Question 10.3: Calculate the equilibrium constant based on pressure for the...

From Eq. (10.64), the equilibrium constant is

K_{p} = \frac{(\pi m_{A})^{{3}/{2}}}{h^{3}P_{\circ}}(kT)^{{5}/{2}}\left(\frac{Z^{2}_{A,int}}{Z_{A_{2},int}}\right)e^{-D_{\circ}/kT}.              (10.64)

K_{p} = \frac{(\pi m_{N})^{{3}/{2}}}{h^{3}P_{\circ}}(kT)^{{5}/{2}}\left(\frac{Z^{2}_{N,int}}{Z_{N_{2},int}}\right)e^{-D_{\circ}/kT}.
Now, from Examples 9.2 and 9.5, the internal contributions to the partition function at 3000 K are

Z_{N,int} = Z_{N,el} = 4.0010

Z_{N_{2},int} = Z_{el}Z^{\circ}_{R-V}Z_{corr} = (1.0000)(778.80) (1.0139) = 789.63.

From Appendix K.1, the dissociation energy for molecular nitrogen is

D_{\circ} = 9.759 eV (1.602 × 10^{-19}J/eV) = 1.5634 × 10^{-18}J.

Hence, we have

\left(\frac{Z^{2}_{N,int}}{Z_{N_{2},int}}\right)e^{-D_{\circ}/kT} = \frac{(4.0010)^{2}}{(789.63)}\exp\left[-\frac{1.5634\times10^{-18}}{(1.3807\times10^{-23})(3000)}\right] = 8.2211\times10^{-19}.

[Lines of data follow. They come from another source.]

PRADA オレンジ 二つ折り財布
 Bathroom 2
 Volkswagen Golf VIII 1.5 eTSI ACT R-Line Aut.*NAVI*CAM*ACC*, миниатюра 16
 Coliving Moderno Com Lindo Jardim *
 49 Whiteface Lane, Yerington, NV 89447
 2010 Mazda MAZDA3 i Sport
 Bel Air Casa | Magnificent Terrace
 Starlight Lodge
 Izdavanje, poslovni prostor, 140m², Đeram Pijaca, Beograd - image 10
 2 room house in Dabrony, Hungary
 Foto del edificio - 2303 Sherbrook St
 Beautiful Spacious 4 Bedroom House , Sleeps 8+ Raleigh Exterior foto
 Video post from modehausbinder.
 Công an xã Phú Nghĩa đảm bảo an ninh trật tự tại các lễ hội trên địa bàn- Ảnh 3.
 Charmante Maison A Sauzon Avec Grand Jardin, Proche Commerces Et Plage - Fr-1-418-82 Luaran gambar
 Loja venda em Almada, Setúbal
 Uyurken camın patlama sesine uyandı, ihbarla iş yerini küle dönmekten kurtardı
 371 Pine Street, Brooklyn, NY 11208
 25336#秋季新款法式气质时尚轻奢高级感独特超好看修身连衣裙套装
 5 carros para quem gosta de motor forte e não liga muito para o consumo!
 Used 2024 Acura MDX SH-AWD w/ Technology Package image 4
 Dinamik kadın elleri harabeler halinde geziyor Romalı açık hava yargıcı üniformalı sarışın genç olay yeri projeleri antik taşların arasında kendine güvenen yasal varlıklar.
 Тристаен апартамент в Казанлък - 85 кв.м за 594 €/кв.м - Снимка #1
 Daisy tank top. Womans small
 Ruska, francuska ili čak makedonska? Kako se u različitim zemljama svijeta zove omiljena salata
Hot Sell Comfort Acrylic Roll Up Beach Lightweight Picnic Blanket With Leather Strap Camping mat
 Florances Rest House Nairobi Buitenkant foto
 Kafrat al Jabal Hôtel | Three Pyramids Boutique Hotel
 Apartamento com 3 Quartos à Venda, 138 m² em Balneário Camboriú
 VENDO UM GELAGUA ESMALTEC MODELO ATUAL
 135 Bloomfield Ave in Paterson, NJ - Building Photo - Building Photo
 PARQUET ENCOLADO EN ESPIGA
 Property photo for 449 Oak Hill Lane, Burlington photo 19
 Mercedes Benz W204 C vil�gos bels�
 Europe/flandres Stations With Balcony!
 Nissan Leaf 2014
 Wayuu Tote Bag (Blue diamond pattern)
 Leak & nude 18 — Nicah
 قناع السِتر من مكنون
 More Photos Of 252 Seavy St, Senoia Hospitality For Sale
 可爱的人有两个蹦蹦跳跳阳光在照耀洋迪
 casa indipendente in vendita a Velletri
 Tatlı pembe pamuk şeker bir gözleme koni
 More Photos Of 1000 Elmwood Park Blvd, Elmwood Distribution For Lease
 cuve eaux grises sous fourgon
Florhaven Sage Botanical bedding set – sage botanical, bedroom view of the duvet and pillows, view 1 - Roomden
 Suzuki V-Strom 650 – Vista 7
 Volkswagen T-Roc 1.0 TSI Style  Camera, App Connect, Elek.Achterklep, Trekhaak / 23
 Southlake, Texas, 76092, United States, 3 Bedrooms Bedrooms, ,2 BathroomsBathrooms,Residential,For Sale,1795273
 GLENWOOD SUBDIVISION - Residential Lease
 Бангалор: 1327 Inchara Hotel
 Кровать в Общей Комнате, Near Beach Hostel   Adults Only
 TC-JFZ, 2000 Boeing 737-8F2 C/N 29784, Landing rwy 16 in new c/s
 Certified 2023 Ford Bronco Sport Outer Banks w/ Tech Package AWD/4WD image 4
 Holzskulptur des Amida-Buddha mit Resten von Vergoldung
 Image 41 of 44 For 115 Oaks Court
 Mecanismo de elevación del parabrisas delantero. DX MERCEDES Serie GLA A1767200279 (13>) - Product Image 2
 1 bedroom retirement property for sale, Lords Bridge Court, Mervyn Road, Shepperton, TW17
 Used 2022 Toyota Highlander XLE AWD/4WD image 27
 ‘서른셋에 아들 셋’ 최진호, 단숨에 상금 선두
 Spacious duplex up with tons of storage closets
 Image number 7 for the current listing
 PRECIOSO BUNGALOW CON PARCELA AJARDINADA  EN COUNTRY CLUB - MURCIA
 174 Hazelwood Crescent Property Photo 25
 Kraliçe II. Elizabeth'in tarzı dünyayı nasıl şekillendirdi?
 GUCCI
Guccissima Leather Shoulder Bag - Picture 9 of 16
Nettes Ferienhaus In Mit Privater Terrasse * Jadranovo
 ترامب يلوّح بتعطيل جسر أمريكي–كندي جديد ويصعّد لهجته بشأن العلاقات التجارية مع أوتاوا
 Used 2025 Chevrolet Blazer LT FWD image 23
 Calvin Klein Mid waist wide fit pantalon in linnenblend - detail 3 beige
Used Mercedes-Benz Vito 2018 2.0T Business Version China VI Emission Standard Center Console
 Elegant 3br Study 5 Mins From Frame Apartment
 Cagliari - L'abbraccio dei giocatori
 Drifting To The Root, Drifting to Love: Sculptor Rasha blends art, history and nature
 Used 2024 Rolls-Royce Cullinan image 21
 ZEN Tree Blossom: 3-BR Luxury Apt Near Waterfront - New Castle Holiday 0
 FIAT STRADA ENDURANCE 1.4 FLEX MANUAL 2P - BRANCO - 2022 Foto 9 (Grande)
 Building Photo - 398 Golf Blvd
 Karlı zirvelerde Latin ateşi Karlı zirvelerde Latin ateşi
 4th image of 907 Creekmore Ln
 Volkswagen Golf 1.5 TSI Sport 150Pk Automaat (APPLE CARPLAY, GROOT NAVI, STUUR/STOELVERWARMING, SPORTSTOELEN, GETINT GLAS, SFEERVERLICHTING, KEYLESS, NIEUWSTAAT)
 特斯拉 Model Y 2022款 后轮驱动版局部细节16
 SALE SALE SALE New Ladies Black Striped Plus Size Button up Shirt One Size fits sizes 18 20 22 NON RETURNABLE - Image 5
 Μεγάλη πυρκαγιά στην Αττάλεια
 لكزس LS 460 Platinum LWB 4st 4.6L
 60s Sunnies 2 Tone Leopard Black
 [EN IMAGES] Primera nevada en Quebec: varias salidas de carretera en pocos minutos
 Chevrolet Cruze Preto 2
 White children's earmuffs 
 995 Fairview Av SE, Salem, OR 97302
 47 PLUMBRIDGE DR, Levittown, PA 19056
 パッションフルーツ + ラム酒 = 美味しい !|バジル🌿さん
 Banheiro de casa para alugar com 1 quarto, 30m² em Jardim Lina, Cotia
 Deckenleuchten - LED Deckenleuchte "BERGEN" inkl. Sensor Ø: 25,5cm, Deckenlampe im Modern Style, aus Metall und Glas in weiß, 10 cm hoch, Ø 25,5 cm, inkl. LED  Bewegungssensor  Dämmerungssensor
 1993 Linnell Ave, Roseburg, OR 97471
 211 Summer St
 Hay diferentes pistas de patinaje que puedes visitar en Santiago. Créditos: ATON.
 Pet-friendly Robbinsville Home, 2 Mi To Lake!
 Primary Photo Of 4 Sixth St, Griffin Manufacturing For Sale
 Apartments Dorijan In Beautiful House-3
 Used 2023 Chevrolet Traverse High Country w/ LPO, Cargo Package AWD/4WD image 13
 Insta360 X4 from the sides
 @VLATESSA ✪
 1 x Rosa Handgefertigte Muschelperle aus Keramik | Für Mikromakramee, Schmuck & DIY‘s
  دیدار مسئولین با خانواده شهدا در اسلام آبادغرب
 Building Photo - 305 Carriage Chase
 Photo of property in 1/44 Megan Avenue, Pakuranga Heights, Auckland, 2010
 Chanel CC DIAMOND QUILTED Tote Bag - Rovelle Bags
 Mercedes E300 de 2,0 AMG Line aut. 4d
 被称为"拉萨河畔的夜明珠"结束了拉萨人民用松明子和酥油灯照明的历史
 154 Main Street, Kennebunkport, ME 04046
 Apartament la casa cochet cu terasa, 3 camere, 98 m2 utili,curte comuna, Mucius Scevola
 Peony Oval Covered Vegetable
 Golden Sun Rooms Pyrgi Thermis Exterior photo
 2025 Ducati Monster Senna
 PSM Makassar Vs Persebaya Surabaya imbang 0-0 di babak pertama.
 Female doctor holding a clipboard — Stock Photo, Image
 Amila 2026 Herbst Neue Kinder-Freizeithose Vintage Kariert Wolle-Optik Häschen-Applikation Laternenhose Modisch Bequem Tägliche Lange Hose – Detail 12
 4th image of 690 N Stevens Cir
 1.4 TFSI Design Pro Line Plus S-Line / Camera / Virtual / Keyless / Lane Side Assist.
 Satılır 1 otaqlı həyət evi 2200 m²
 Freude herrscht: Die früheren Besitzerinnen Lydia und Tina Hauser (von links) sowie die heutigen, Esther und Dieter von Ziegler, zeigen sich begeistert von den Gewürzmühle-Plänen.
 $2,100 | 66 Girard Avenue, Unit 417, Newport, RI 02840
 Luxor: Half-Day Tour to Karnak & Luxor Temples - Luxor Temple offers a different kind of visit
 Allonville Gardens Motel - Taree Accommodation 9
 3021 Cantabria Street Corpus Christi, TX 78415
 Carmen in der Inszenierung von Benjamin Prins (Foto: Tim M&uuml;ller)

Evaluating the equilibrium constant, we thus obtain

K_{p} = \frac{\left[\pi (14.0067)\left(1.6605\times10^{-27}\right)\right]^{{3}/{2}}}{\left(6.6261\times10^{-34}\right)^{3}(1.0\times 10^{5})}\left[(1.3807\times10^{-23})(3000)\right]^{{5}/{2}}\times\left(8.2211\times10^{-19}\right) = 1.949\times10^{-10}.